Firms helping tax dodgers should be hunted down and punished, UK Chief Secretary to the Treasury says

Danny Alexander, Chief Secretary to the Treasury, said on Sunday that firms that help tax dodgers hide their billions and not pay tax should be hunted down and prosecuted, following the shocking news that London-based HSBC, one of the world’s largest banks, had been doing just that in its private bank in Switzerland.

Mr. Alexander believes that “aiding an abetting” should also apply in tax legislation.

The HSBC scandal has pushed the issue of consultancies and financial institutions encouraging super rich individuals and multinational corporations either to avoid tax (legal) or evade tax (illegal) to the fore of the political debate just months before May’s general election.

Danny Alexander on tax dodgers

Those aiding and abetting tax dodgers should also be hunted down and punished, Mr. Alexander believes.

The taxpayer, after bailing out the rich fat cats in several financial institutions following the last global financial crisis, will probably be swayed by the party that comes down the most heavily against firms that fuel corruption, cronyism and possibly another crisis.


Mr. Alexander proposes said the new offence of corporate failure to prevent financial crime would include aiding and facilitating tax evasion. The firms that help tax dodgers will face the same punishment as the evaders themselves.

Mr. Alexander, a British Liberal Democrat politician, had been hoping that the new measures would be imposed before the elections. If not, he proposes that they become part of his party’s election manifesto.

Tax evasion is already a crime in the UK. Mr. Alexander’s new legislation would make it clear that firms assisting tax dodgers would be liable to penalties.

HSBC tax dodgers

The British tax payer is fed up with bailing out financial institutions to the tune of tens of billions of pounds for incompetence, cronyism and illegal activities. In an election year, tax evasion is a major campaign theme for the political parties.

Mr. Alexander told the BBC’s Andrew Marr Show:

“Organisations, be they accountants, banks or whatever, who help people evade tax will be liable for this new offence and crucially liable for financial penalties.”
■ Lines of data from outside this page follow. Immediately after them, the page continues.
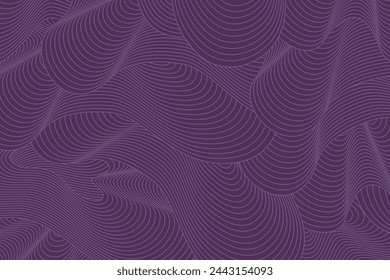 Abstract irregular purple color striped textured background. seamless geometric pattern design for certificate, invitation, textile, clothes, cover and others.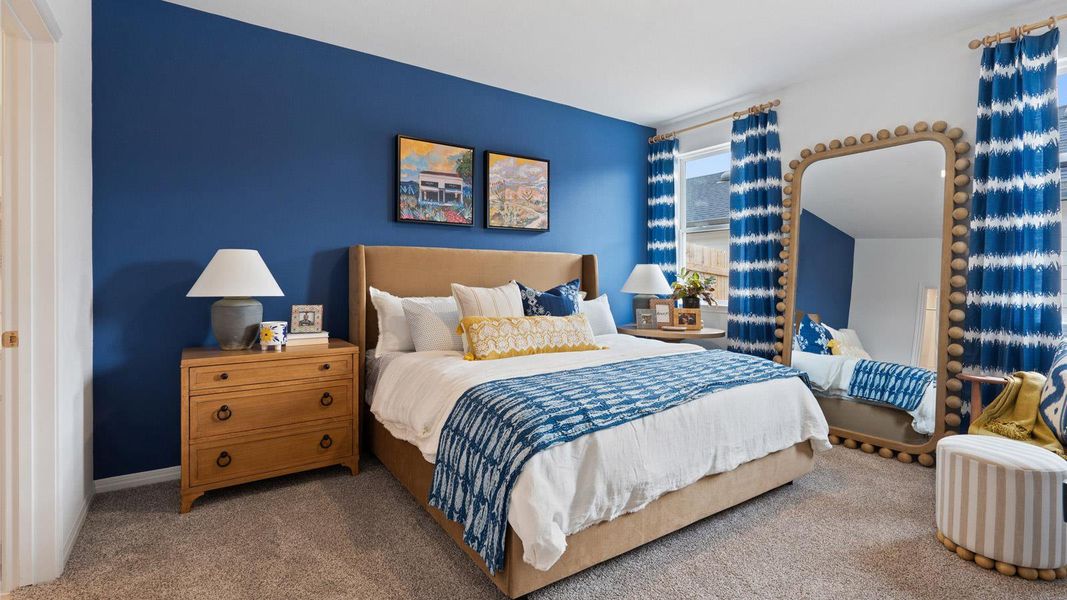 Furnished interior view inside a new home in Avery Centre, Round Rock (Image 16).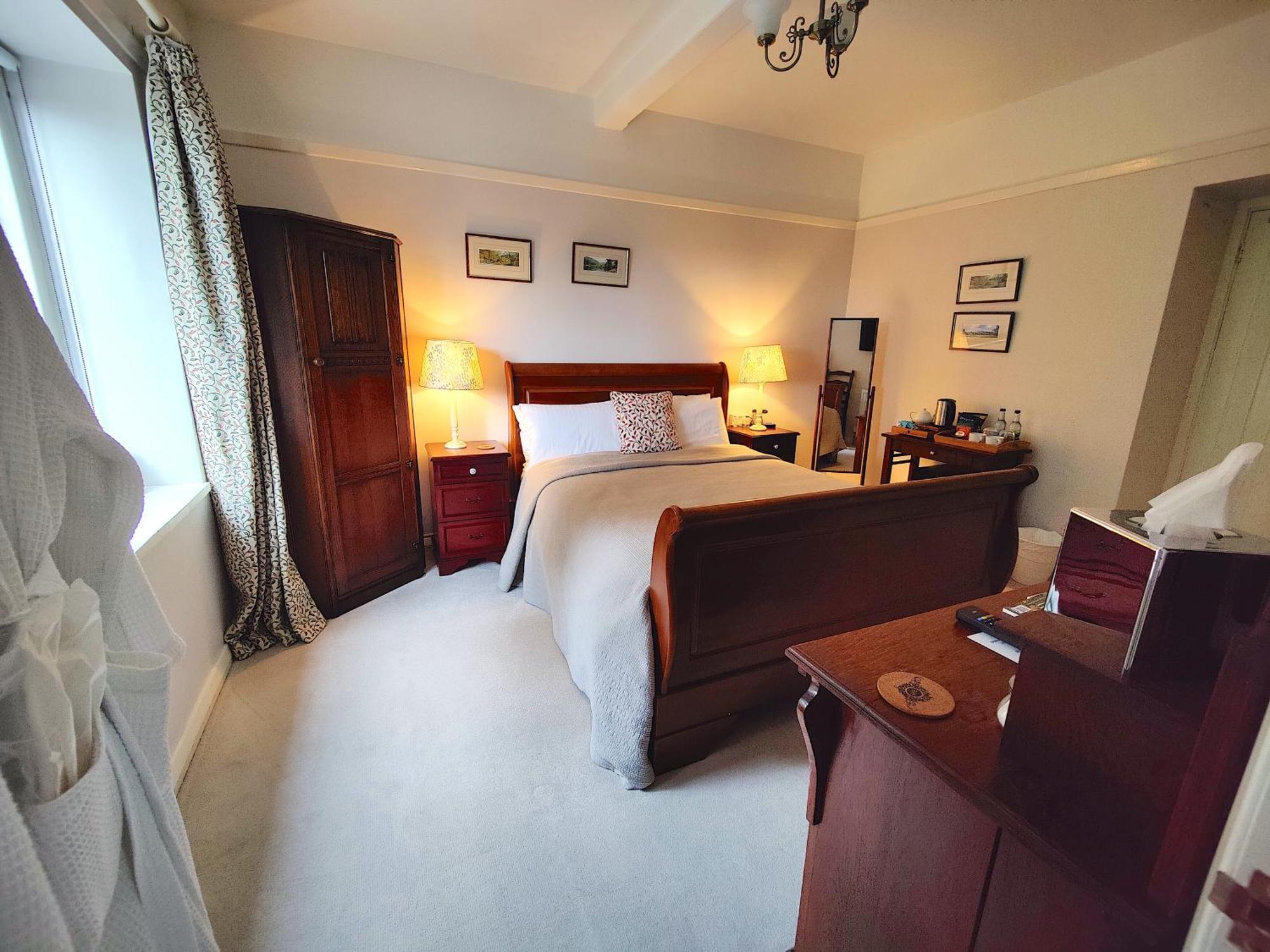 Luxury Bed And Breakfast At Bossington Hall In Exmoor, Somerset 波洛克 客房 照片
“So, for example, if their customers have to pay back hundreds of millions of pounds in tax then those organisations should have to match that with hundreds of millions of pounds of their own money and I think that’s a very tough disincentive to them to get involved in this in the first place.”
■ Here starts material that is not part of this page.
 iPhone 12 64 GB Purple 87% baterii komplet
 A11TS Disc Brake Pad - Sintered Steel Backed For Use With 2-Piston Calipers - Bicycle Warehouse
“This is taboo. This is something that absolutely mustn’t happen in our society and we still have a problem with some people thinking they can get away without paying their fair share of tax.”

What is the difference between tax avoidance and tax evasion

Tax avoidance is legal. It is the legitimate minimizing of taxes, using methods that comply with the law.

Tax evasion, however, is a crime. The perpetrator does not report his or her income and does not pay taxes according to the law.

We mostly think of tax evasion as associated just with individuals, and not businesses. But it applies to both. Tax evasion can be practiced in businesses at several levels.

Mr. Alexander said in a statement:

“It is a crime, plain and simple. If someone helps a break into your home they end up in the dock as an accomplice. It should be the same if some helps a tax evader.”

He also believes that codes of practice for consultancies that advise on tax affairs should be tightened up.

HSBC has admitted to illegal practices at its private Swiss bank, where super-wealthy customers were helped to hide hundreds of millions of dollars in assets up to 2007.

According to the Labour Party, David Cameron’s Conservative party accepted political donations from seven individuals who were listed in the Swiss bank tax-dodging scandal.

HSBC spreads SORRY message across several Sunday newspapers

Last weekend, HSBC published a long “SORRY” letter in several British Sunday newspapers, where it expressed its “sincerest apologies” for helping super-rich clients dodge taxes at its Swiss private bank.

The banking giant admitted it had not complied with regulations after newspapers reported it had helped over one hundred multi-millionaires hide billions of dollars’ worth of assets before the global financial crisis.

HSBC’s Chairman Douglas Flint and CEO Stuart Gulliver will give evidence before the Parliamentary Treasury Committee on February 25th.

Earlier this month, the Public Accounts Committee accused PricewaterhouseCoopers of promoting tax avoidance “on an industrial scale”. It accused the London-based professional services firm of helping hundreds of multinationals cut their corporation tax by setting up bases in Luxembourg.